The San Diego area workforce has the highest percentage of millennials and veterans but the lowest percentage of women compared to nine competing metro areas.

That’s according to information compiled by the San Diego Regional Chamber of Commerce, via its foundation, as part of its Regional Jobs Strategy launched earlier this year.

The data, called the chamber’s Business and Tax Climate Dashboard, compares San Diego to the metropolitan areas of Austin, Boston, Denver, Los Angeles, Portland, Raleigh, San Francisco, San Jose and Seattle.
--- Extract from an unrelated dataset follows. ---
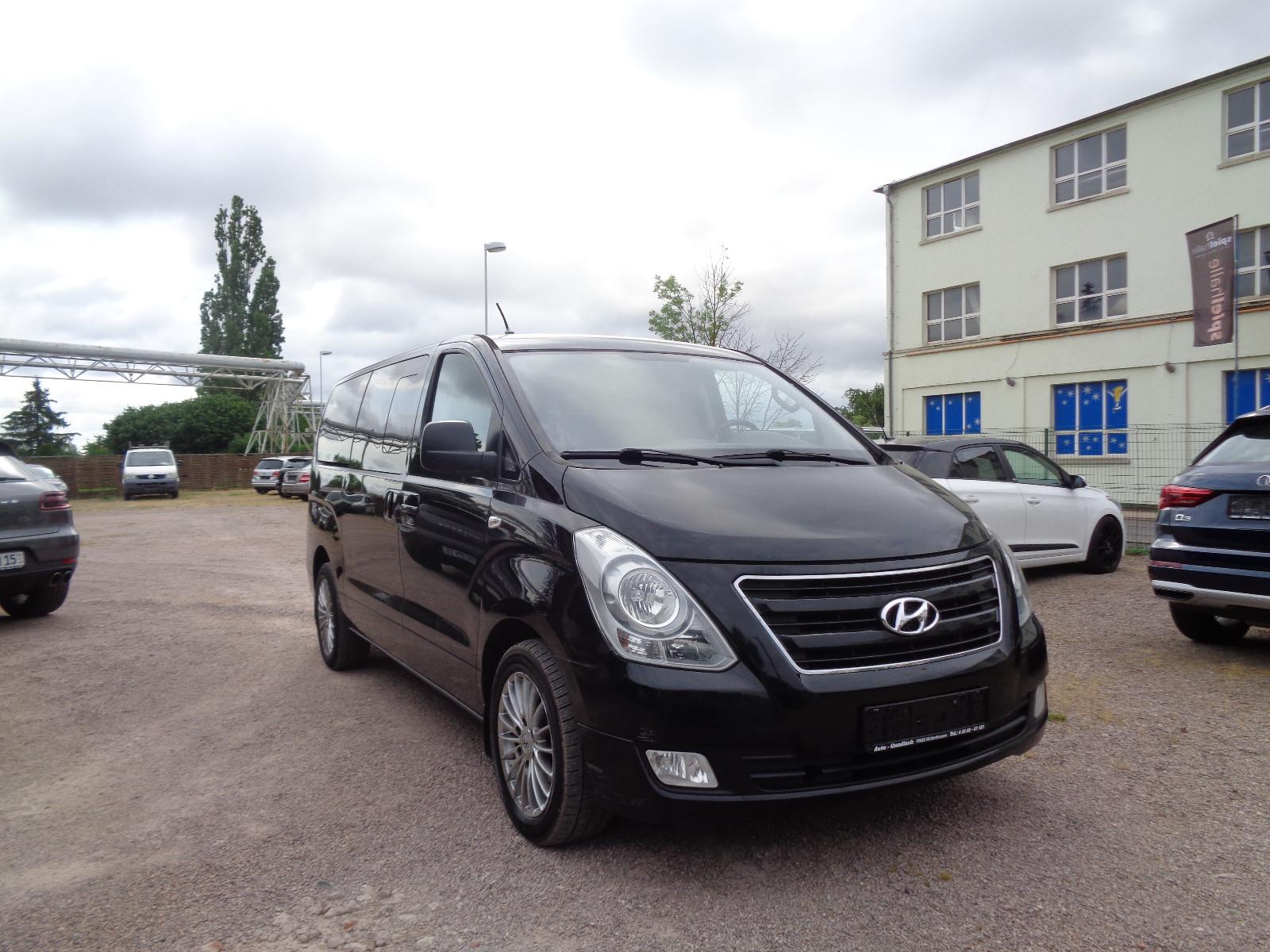 Hyundai H-1 Cargo Automatik 8-Sitze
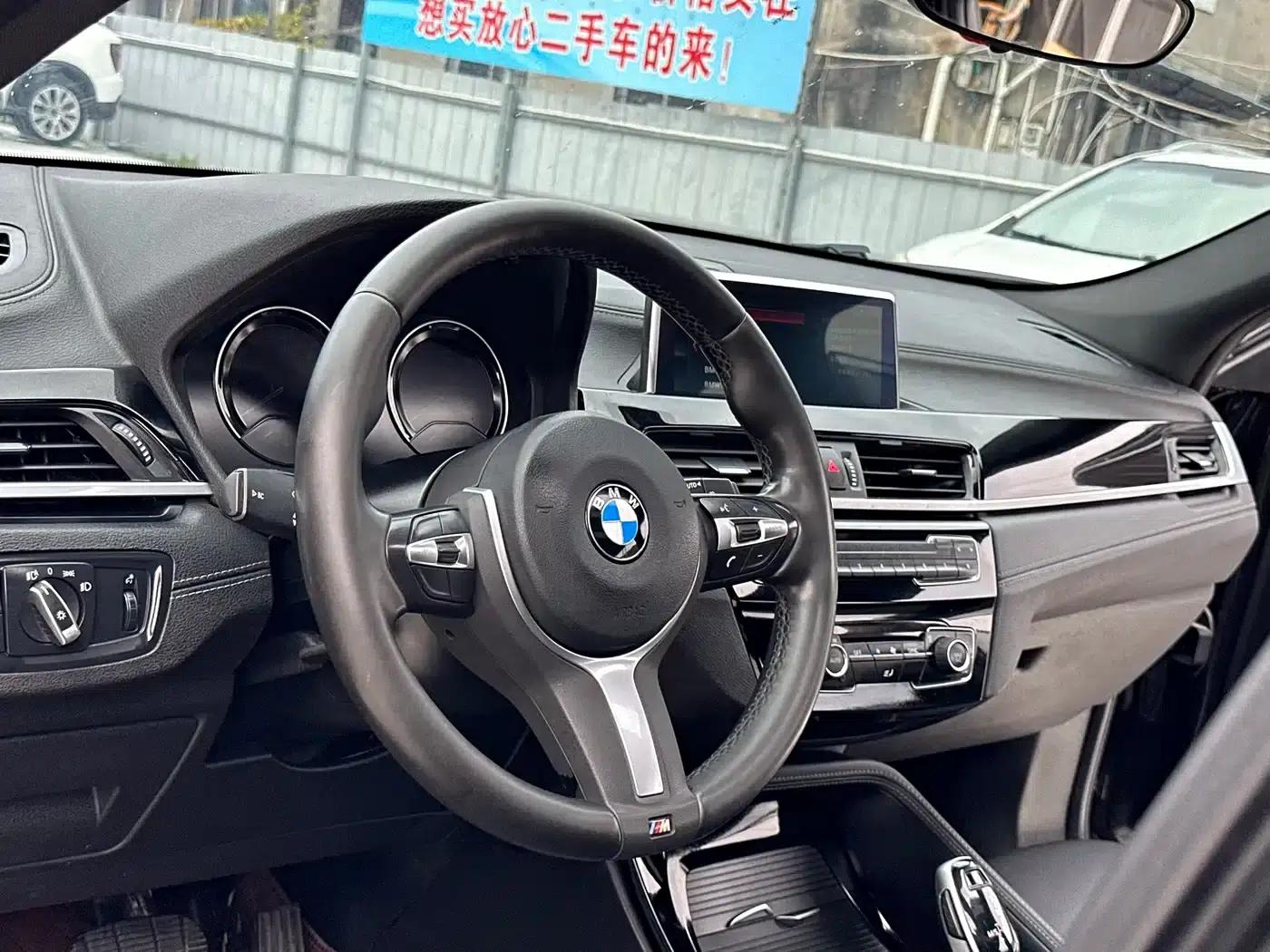 2020 BMW X2 xDrive25i M Sport Package — миниатюра 17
“Making San Diego a place where business can succeed and grow means we have to identify our strengths as well as our weaknesses,” said Jerry Sanders, chamber president and CEO, in a statement Thursday.

Of San Diego’s workforce, 28.8 percent were born in 1980 through 1998, more than all the other areas to which it was compared. A total of 7.3 percent of the workforce is made up of veterans, handily beating the metro average of 4.4 percent.

However, likely as a result of the high percentage of veterans in the workforce, a group made up mostly by men, San Diego has the lowest percentage of women in its workforce: 44 percent. The metro average of those areas studied is 46.2 percent.

However, 46.2 percent of businesses in San Diego are owned by women, the data show. Eleven percent are owned by veterans, the dashboard revealed.

“With large millennial and veteran populations in our workforce, we see that we have new talent to build on as well as a highly trained contingent of workers, but we also need to do more to raise the number of women and minorities in our workforce,” said Helen Robbins-Meyer, the county of San Diego’s chief administrative officer. “Having this data as a point of reference is important to building an effective job creation strategy for the region.”

According to the chamber’s dashboard, San Diego ranks eighth in education attainment but fourth for STEM and STEM-related majors; fourth in workplace diversity; seventh for highest median wage at $19.12 hourly; and sixth for its 8 percent sales tax on a ranking of the areas with the highest such rate.

Other dashboards to be released in coming months consider economic indicators including affordability and standard of living, the chamber said.

Partnering with the chamber on the Regional Jobs Strategy effort are more than 40 regional organizations, including the county, the city of San Diego and the San Diego Association of Governments.